Let this weekend be one of rebirth. Many things came to an end this week. Finished one of my goals for the year, finished the final season of Burn Notice, finished discussing my writing the dream (for now), read another book I’ve been putting off for years: The Virgin Suicides and my wife and I completed something and embark on something new next week. What it will be is a happy unknown.
Reading all those books has been dizzying, conjuring up so many thoughts in me, mostly about my own writing and some about my life in general. Mostly novels but as I said, I’ll get to that in December. Right now I am focused on feeling motivated I can still complete things when it matters. It gives me some juice to take another healthy stab at writing. But more on that in a few paragraphs.
Burn Notice was a big part in my life from 2007 until 2011. When I left my job, girlfriend and family security to go live in NYC this show was just starting. So fresh, vibrant, funny and acceptingly tense it very quickly won me over. I turned others onto the show. And when I returned to the family security and first tried to edit my book and then look for work, unsuccessfully, sinking into a hopeless, self-defeating depression, the show was there. And being on USA network there were constant marathons being run and I rarely missed them, consuming multiple episodes at a time, seeing the first three seasons at least three times, with the regularity of my faithful Sorkin shows. I liked the friendship developed over time, the many layers of true fidelity in action. It’s no wonder that I would gravitate towards this ensemble show, as I had Sorkin’s shows which also contained a trust you with my life bond. The Miami locale was a huge bonus, always sunny and colorful.
Sometime in the 5th season, my life was once again changing. I was returning to the social work fold and courting a girl I’d met on Facebook. Having felt married since kindergarten, I knew this girl was special and devoted everything I had to her. Weeks passed by without catching the new episodes.
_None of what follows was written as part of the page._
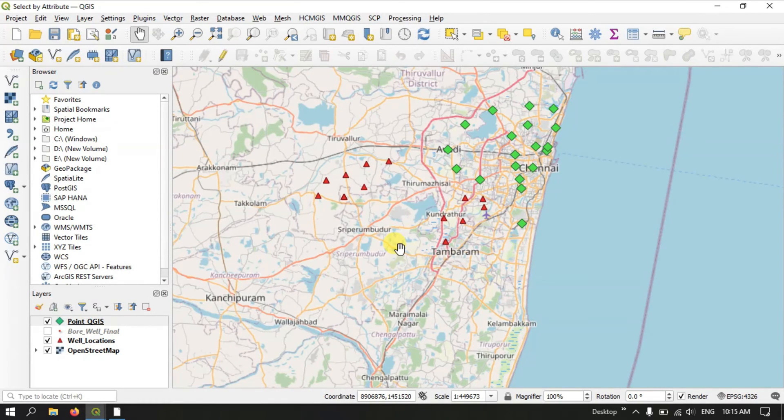Hi everyone, welcome to Terra Spatial. In this video tutorial, I will be showing you how to select the features using values.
My father, who I’d turned onto the show, informed me the show was going into some interesting directions.
Three years later, my social work career brighter than ever and the girl becoming my bride, I returned to the world of Michael Westen, Sam Axe and Fiona Glenanne (and character actor Coby Bell really stepping up his game as burned spy Jesse Porter). With my bride we walked the fine line of dangerous rapid heartbeats, active dreams, and sweaty palms and feet binge watching the last 2 ½ seasons over three weeks. (We did the same thing for the first season of Orphan Black. We are just gluttons for punishment.) The Burn Notice episodes went to darker places than even I had expected but we agreed the finale was satisfying. So many shows, like books, just don’t how to end. Burn Notice in my opinion rewarded its viewers. So much so that my wife wants to go back to the beginning, for the first 5 seasons she missed. She either really likes me (as family and friends said when I told them she loved watching Oz with me) or she digs the same things as me and I’m just as lucky as Lou Gehrig.
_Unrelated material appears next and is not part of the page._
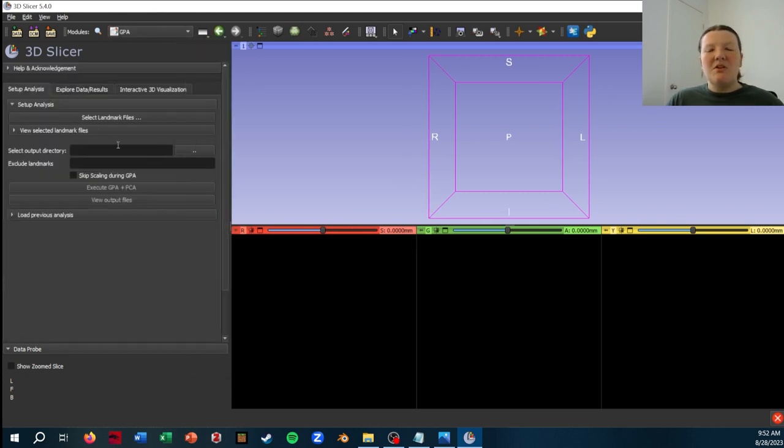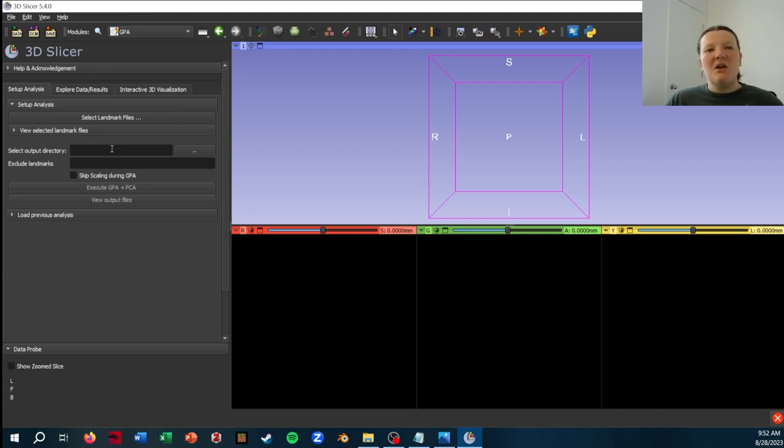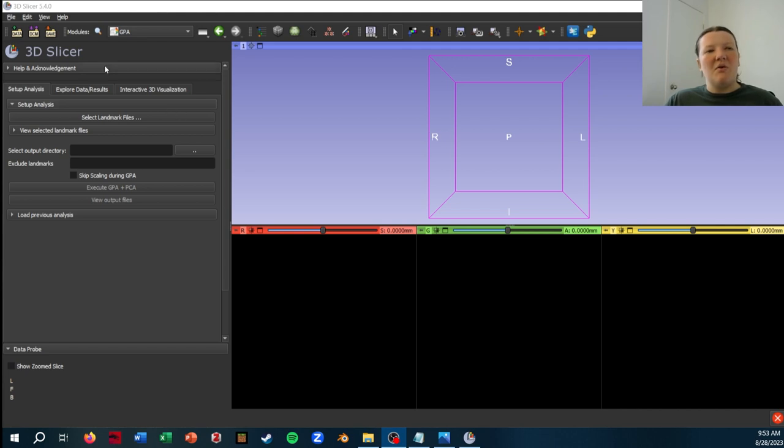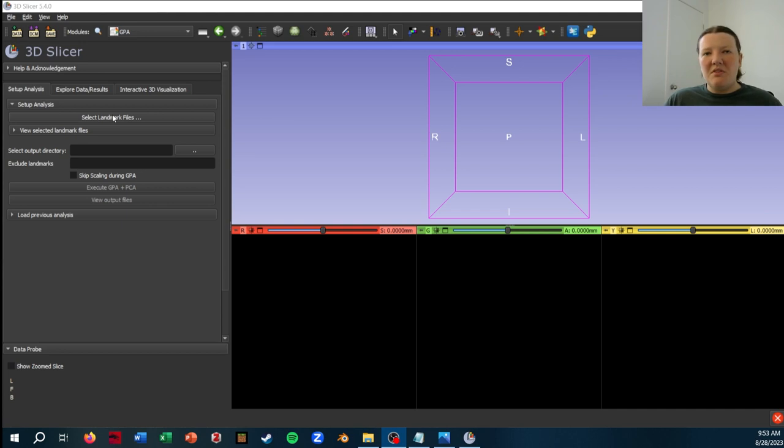Okay, so with the GPA or Generalized Procrustes Analysis module open, we can start by loading in our landmark files. So I'm not going to load data in how I usually would, which is by clicking this Add Data button. Instead I'm going to go within the GPA module and click Select Landmark Files.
Earlier in the day, I had read The Virgin Suicides after several unsuccessful starts over the years. I don’t know what head space I occupied in those previous starts because this book was intensely readable, well-written and effectively haunting. What I liked about it most was how it stayed small, telling a simple story, however with enough background noise people could dig further seeing the horrors of being a teenager or suburban decay coming to life. I choose to appreciate it for its originality and promise fulfilled what Eugenides later produced (Middlesex, The Marriage Plot, and short story Baster).
As such as I like my white male writers Eugenides, Shteyngert, Eggers, Chabon, I cannot forget what Sarah Schulman experienced at a writer’s colony in the mid 90’s. There was so much critical love for these men, most only one or two books deep into their repertoire, while Schulman was five books strong and virtually unknown. She spoke about the boys club of the literary world and the NO GIRLS ALLOWED policy she has felt since. Maybe it was more about her novels, with positive gay characters living loving dying, separate but universal in scope. She is a writer of the purest order and deserves a bigger audience.
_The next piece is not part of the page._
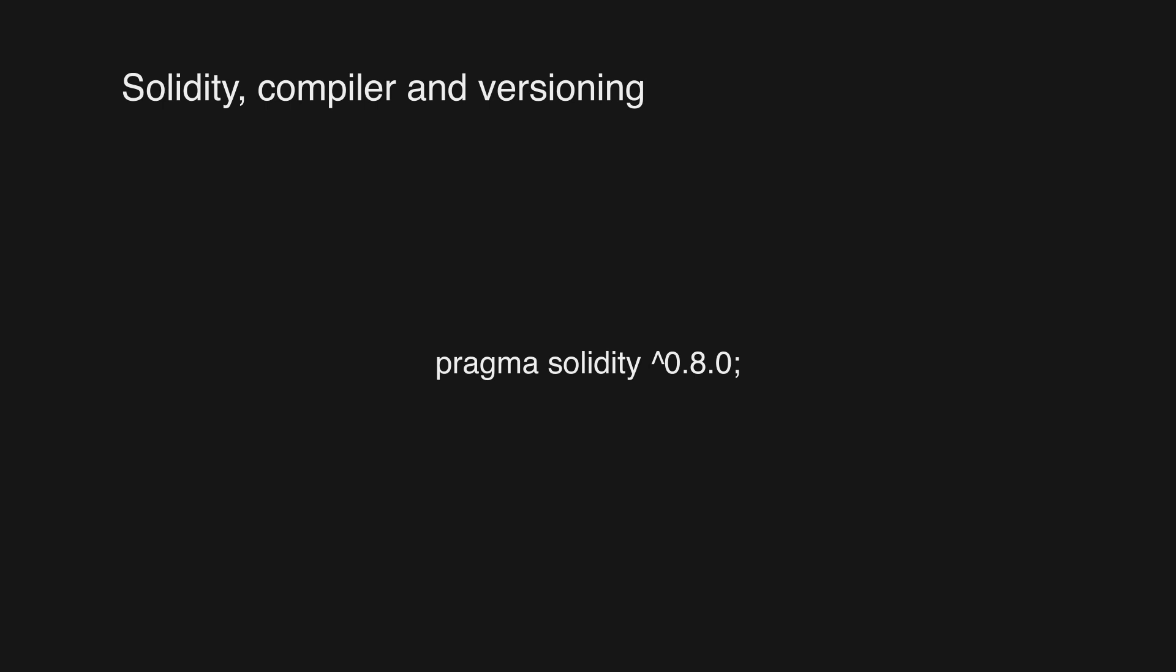This means that the contract will only be compiled with a compiler version of 0.8.0 or higher, and any attempt to compile it with a lower version will result in an error. If we took away the caret symbol, this would only allow the contract to be compiled with version 0.8.0 of the Solidity compiler.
Finally, with regards to my writing, I sense the past obsession of the diary and the missing girl and the new one who takes her place, including the accidental death, sister identity switch and entirely contrived Swedish singer subplot while the detective struggles with his own issues of infidelity and demons-
Ugh. I have to write what I’m comfortable with. What I know. And just because I had a disturbing dream fifteen years ago doesn’t mean I should just pursue blindly. Reading more has actually led me to want to take time to write sentences, not stories. I so enjoy reading aloud and I would like my books to be read aloud. I like words too much to accept anything less. A new writer’s door opens and out steps something familiar yet undeniably individual. Putting to words the things I observe, as delicately as Italo Calvino.
A breeze comes through our apartment. On the stereo My Morning Jacket gracefully transitions to Meshell Ndegeocello. My delightful bride serves up a homemade puff pastry pizza filled with egg, asparagus and prosciutto. Love inside me and inspiration mere steps away.
I am in awe how great my life is right now.